> Task description: Pictures in the records are to be excluded from an otherwise exact copy.

Top of Provided material

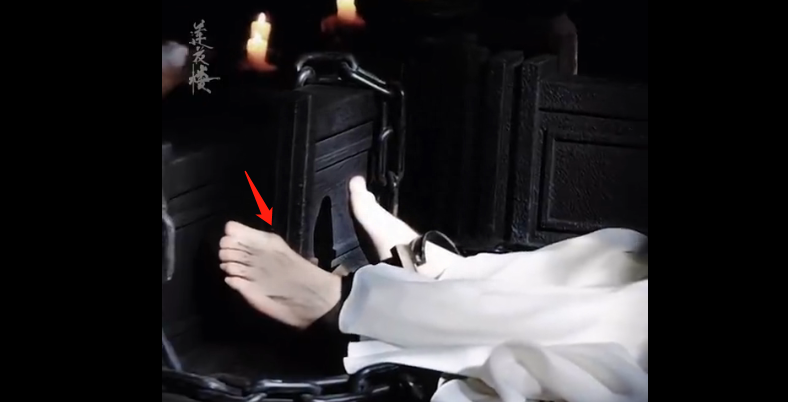 成毅缺陷曝光,拇指外翻遗传,团队撇清关系,网友建议就医治疗-成毅脸歪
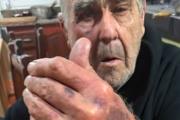 Brutal asalto a una pareja de 82 años: los golpearon e intentaron cortarle un dedo para robarle un anillo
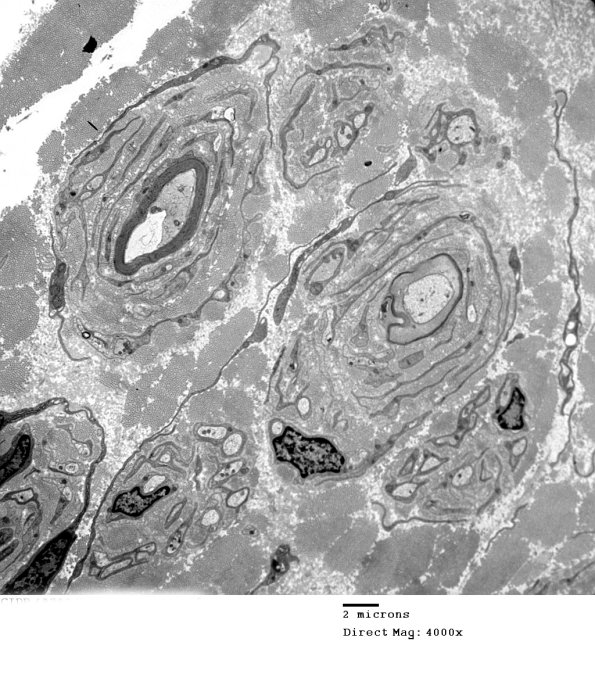 6C1 CIDP (Case 6) Wepler_001 - Copy
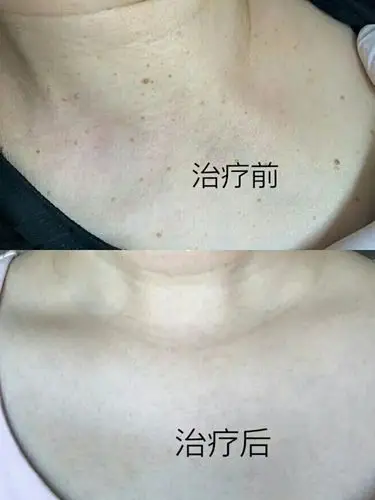 露脖季,别让丝状疣毁了你的玉颈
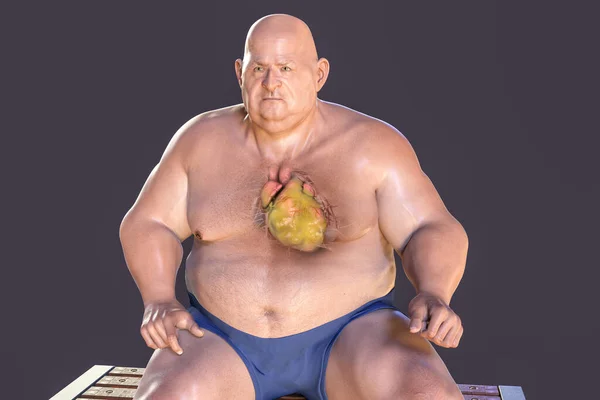 Παχύσαρκη Καρδιά Στο Υπέρβαρο Άνθρωπο Εικόνα Έννοια Της Παχυσαρκίας Και — Φωτογραφία Αρχείου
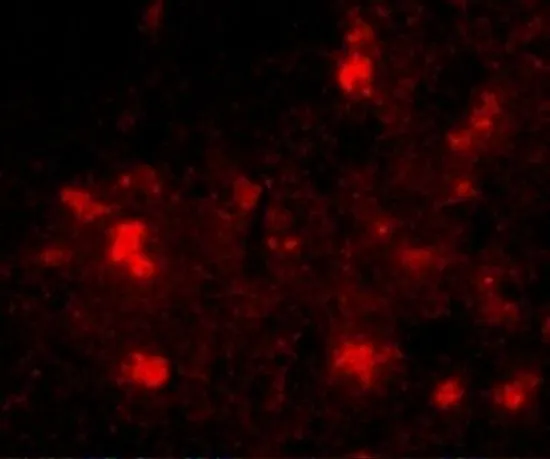 IHC-P analysis of human brain tissue using GTX85373 Dact2 antibody. Working concentration : 20 microg/ml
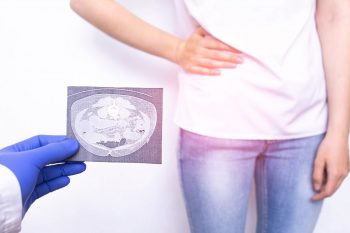 Apendicita: cauze, simptome, diagnostic și tratament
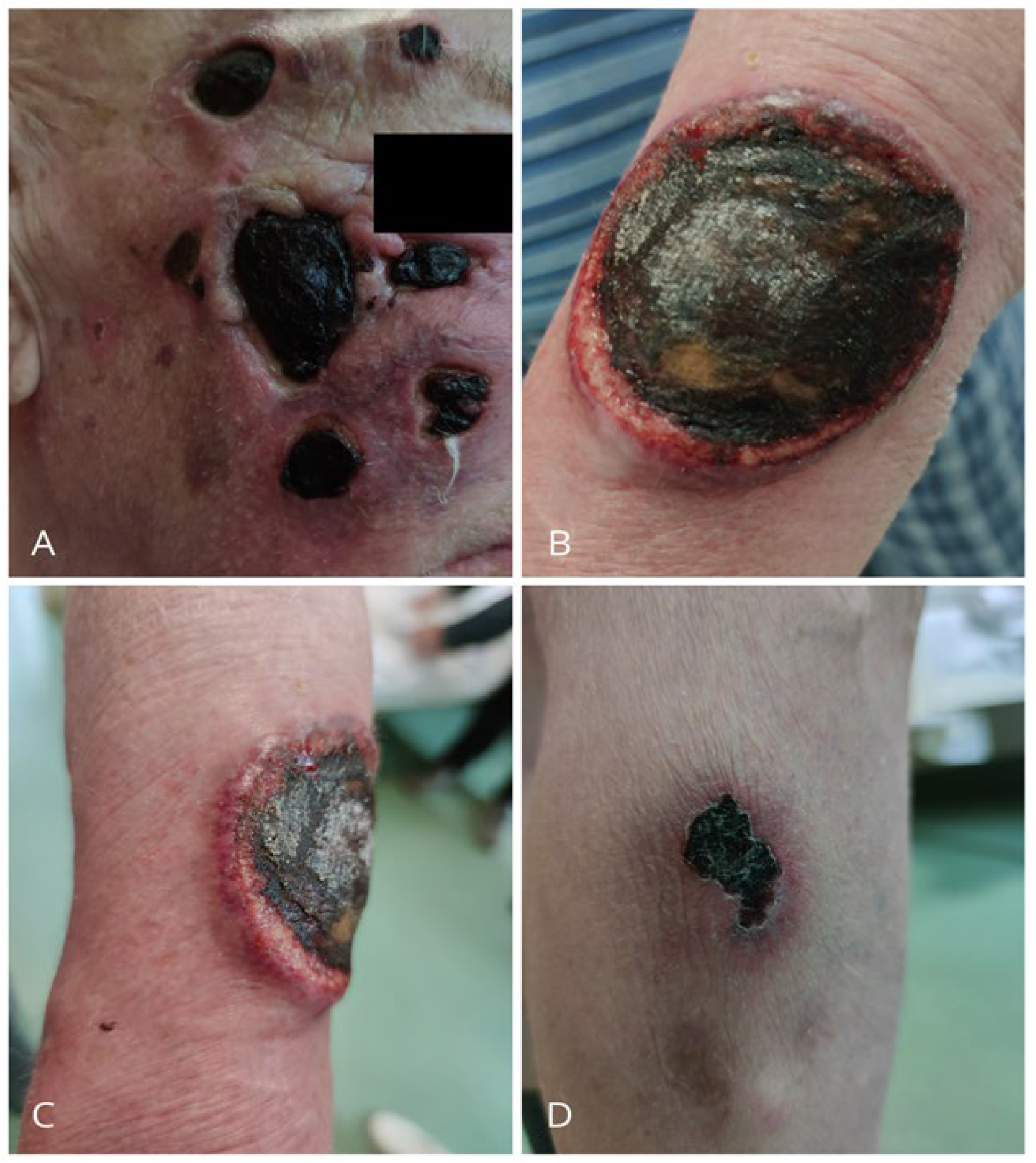 Jcm 15 01138 g001 Jcm 15 01138 g001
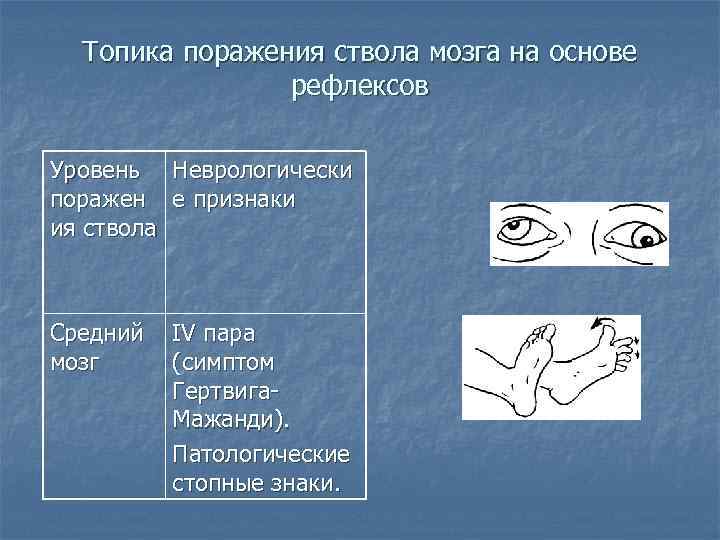 Топика поражения ствола мозга на основе рефлексов Уровень Неврологически поражен е признаки ия ствола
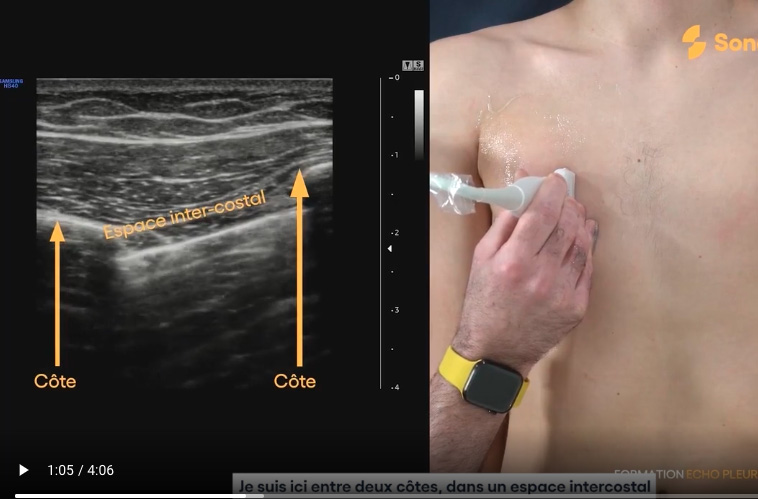 Echographie à la recherche d'un pneumothorax, identification de l'espace intercostal
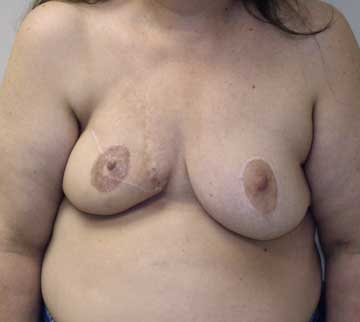 Breast Reduction Figure 2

Bottom of Provided material

> Answer:
 成毅缺陷曝光,拇指外翻遗传,团队撇清关系,网友建议就医治疗-成毅脸歪
 Brutal asalto a una pareja de 82 años: los golpearon e intentaron cortarle un dedo para robarle un anillo
 6C1 CIDP (Case 6) Wepler_001 - Copy
 露脖季,别让丝状疣毁了你的玉颈
 Παχύσαρκη Καρδιά Στο Υπέρβαρο Άνθρωπο Εικόνα Έννοια Της Παχυσαρκίας Και — Φωτογραφία Αρχείου
 IHC-P analysis of human brain tissue using GTX85373 Dact2 antibody. Working concentration : 20 microg/ml
 Apendicita: cauze, simptome, diagnostic și tratament
 Jcm 15 01138 g001 Jcm 15 01138 g001
 Топика поражения ствола мозга на основе рефлексов Уровень Неврологически поражен е признаки ия ствола
 Echographie à la recherche d'un pneumothorax, identification de l'espace intercostal
 Breast Reduction Figure 2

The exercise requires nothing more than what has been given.